Would you print the data below exactly, leaving out every picture?

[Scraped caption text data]
-------------------------

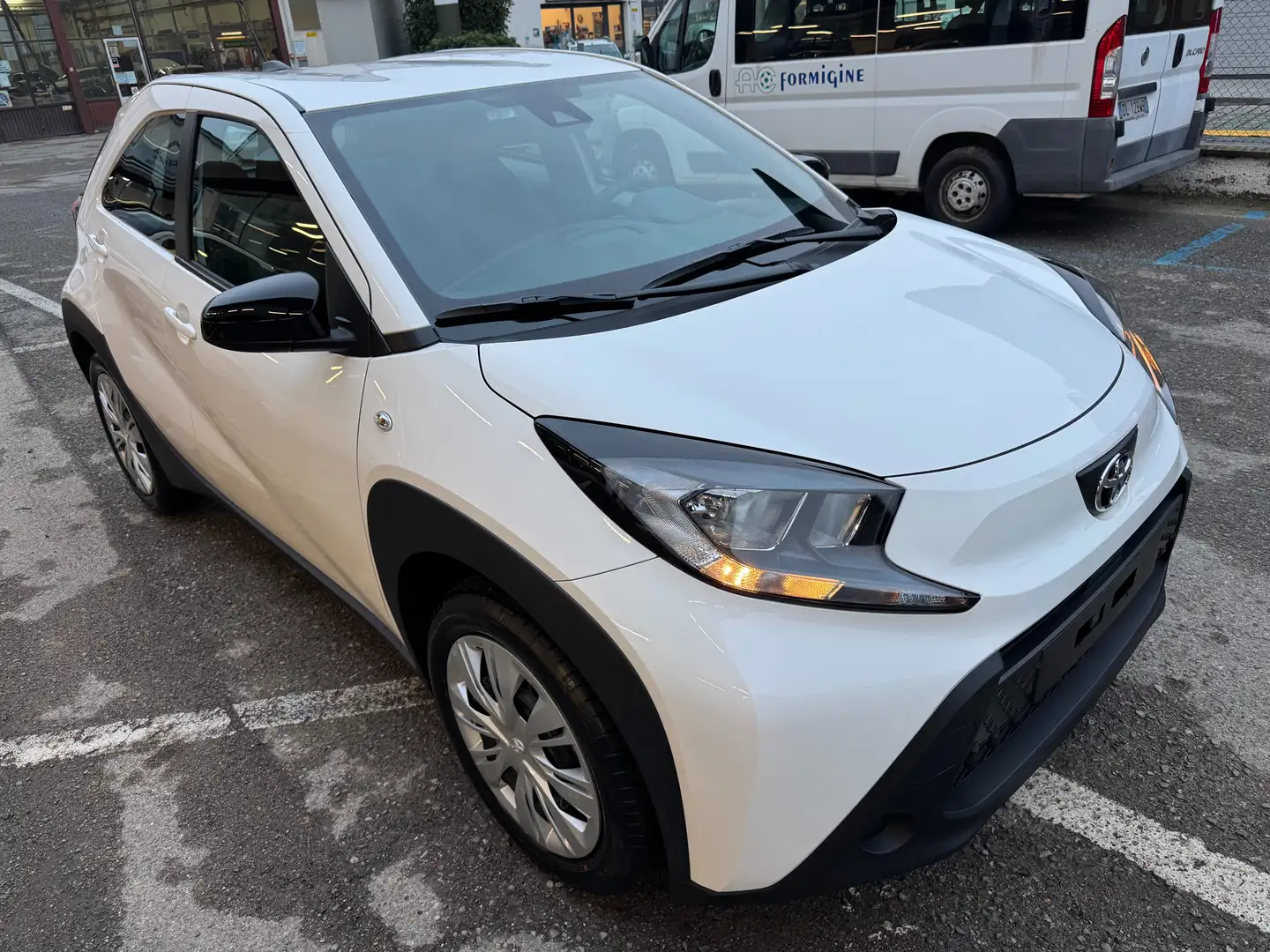 Toyota Aygo X Aygo X 1.0 ACTIVE 72cv+RETROCAMERA+Km0 UFFICIALE Bianco - 2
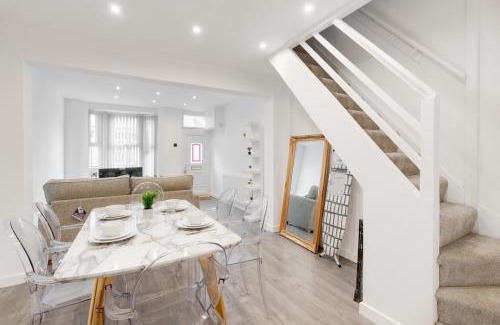 Liverpool House | Beautiful House - Free Parking - 5 mins to centre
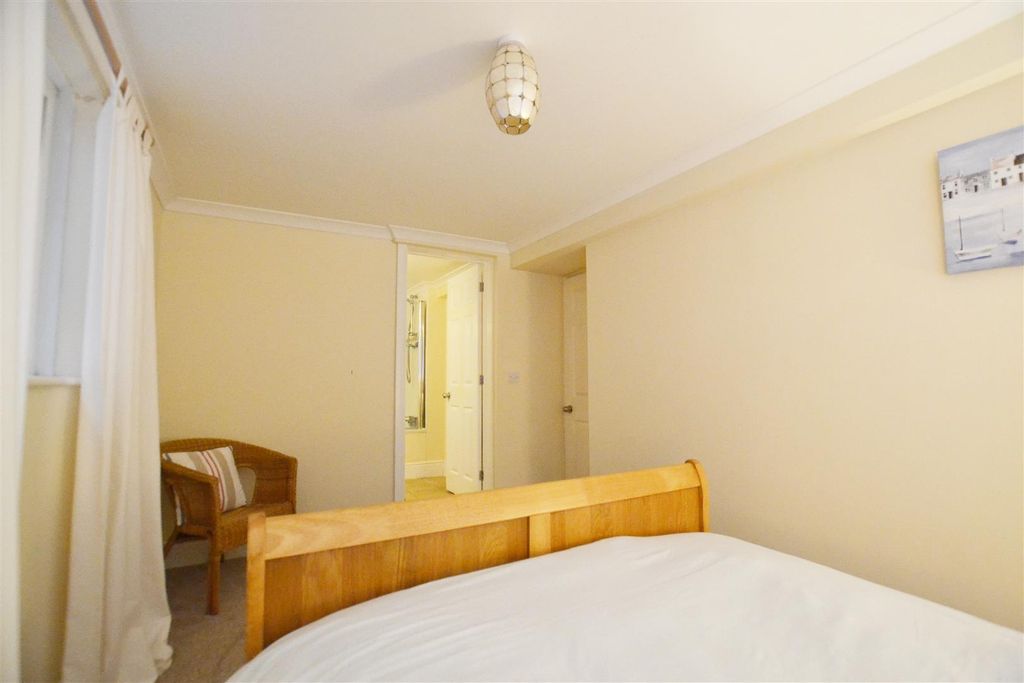 Additional image 13 of 2 bed flat for saleWogan Terrace, Saundersfoot SA69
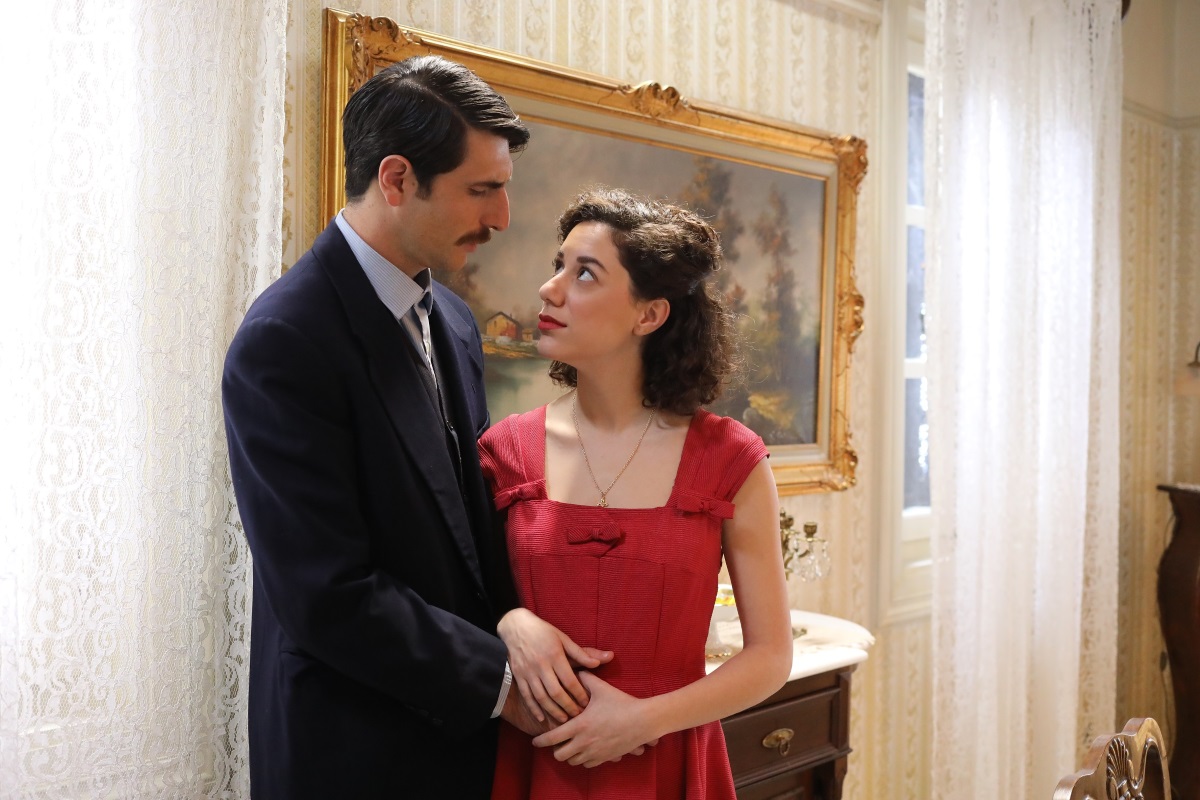 Η αποκάλυψη της Μαρίας Πετεβή για τις Άγριες Μέλισσες! Γι’ αυτό την επέλεξε ο Λευτέρης Χαρίτος…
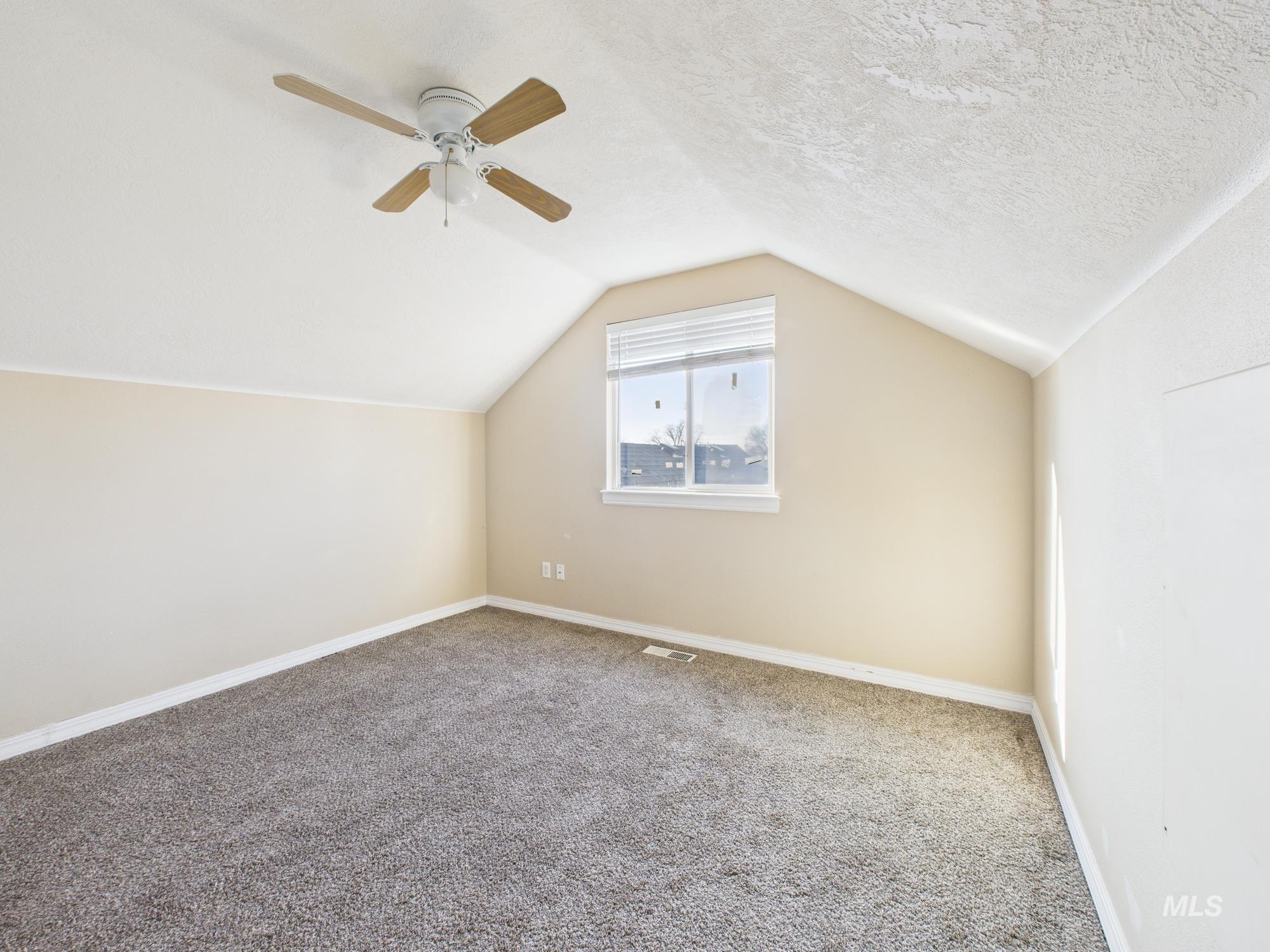 819 Sioux Ave, Emmett, Idaho 83617, 3 Bedrooms, 2.5 Bathrooms, Residential For Sale, Price $355,000,MLS 98972858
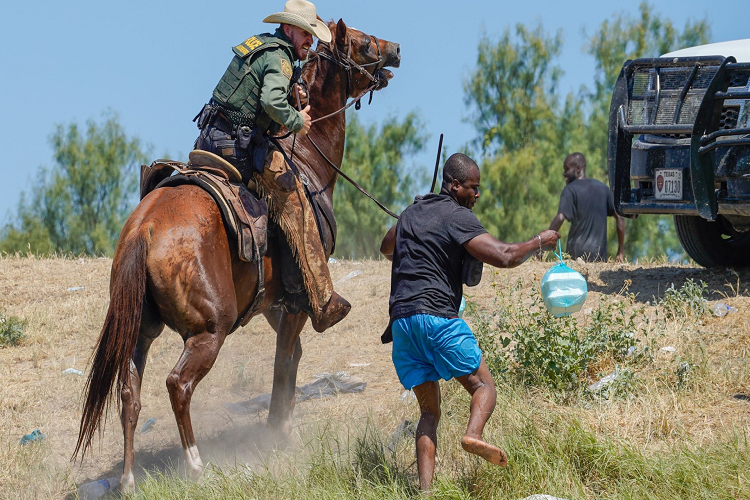EE.UU. deja de usar caballos para patrullar el cruce de haitianos en frontera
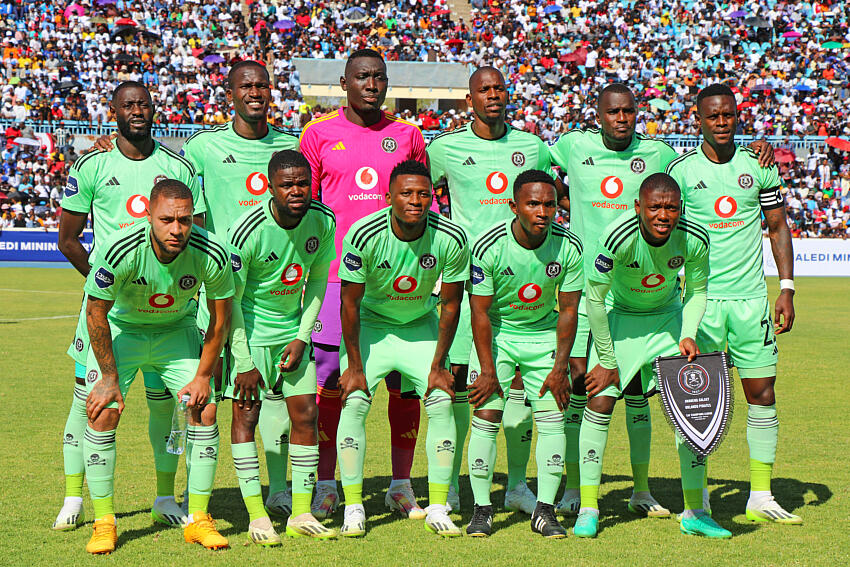 3 predictions for AmaZulu vs Orlando Pirates - PSL 1 Orlando Pirates team photo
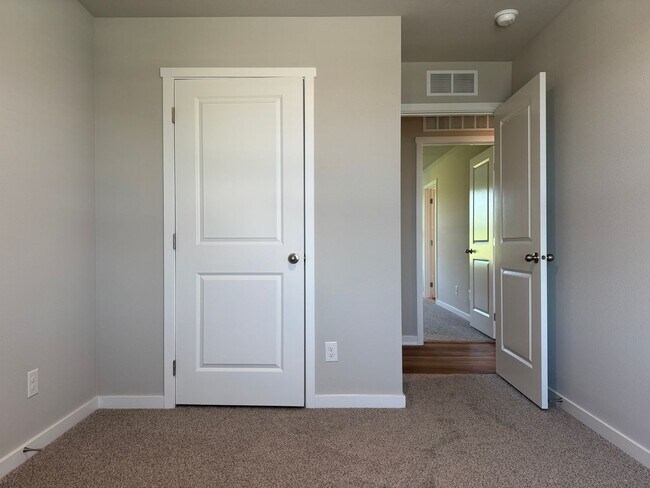 Building Photo - Spacious 4-Bedroom Split-Level Near Standing Bear Lake & Trails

-------------------------

• Your response
 Toyota Aygo X Aygo X 1.0 ACTIVE 72cv+RETROCAMERA+Km0 UFFICIALE Bianco - 2
 Liverpool House | Beautiful House - Free Parking - 5 mins to centre
 Additional image 13 of 2 bed flat for saleWogan Terrace, Saundersfoot SA69
 Η αποκάλυψη της Μαρίας Πετεβή για τις Άγριες Μέλισσες! Γι’ αυτό την επέλεξε ο Λευτέρης Χαρίτος…
 819 Sioux Ave, Emmett, Idaho 83617, 3 Bedrooms, 2.5 Bathrooms, Residential For Sale, Price $355,000,MLS 98972858
EE.UU. deja de usar caballos para patrullar el cruce de haitianos en frontera
 3 predictions for AmaZulu vs Orlando Pirates - PSL 1 Orlando Pirates team photo
 Building Photo - Spacious 4-Bedroom Split-Level Near Standing Bear Lake & Trails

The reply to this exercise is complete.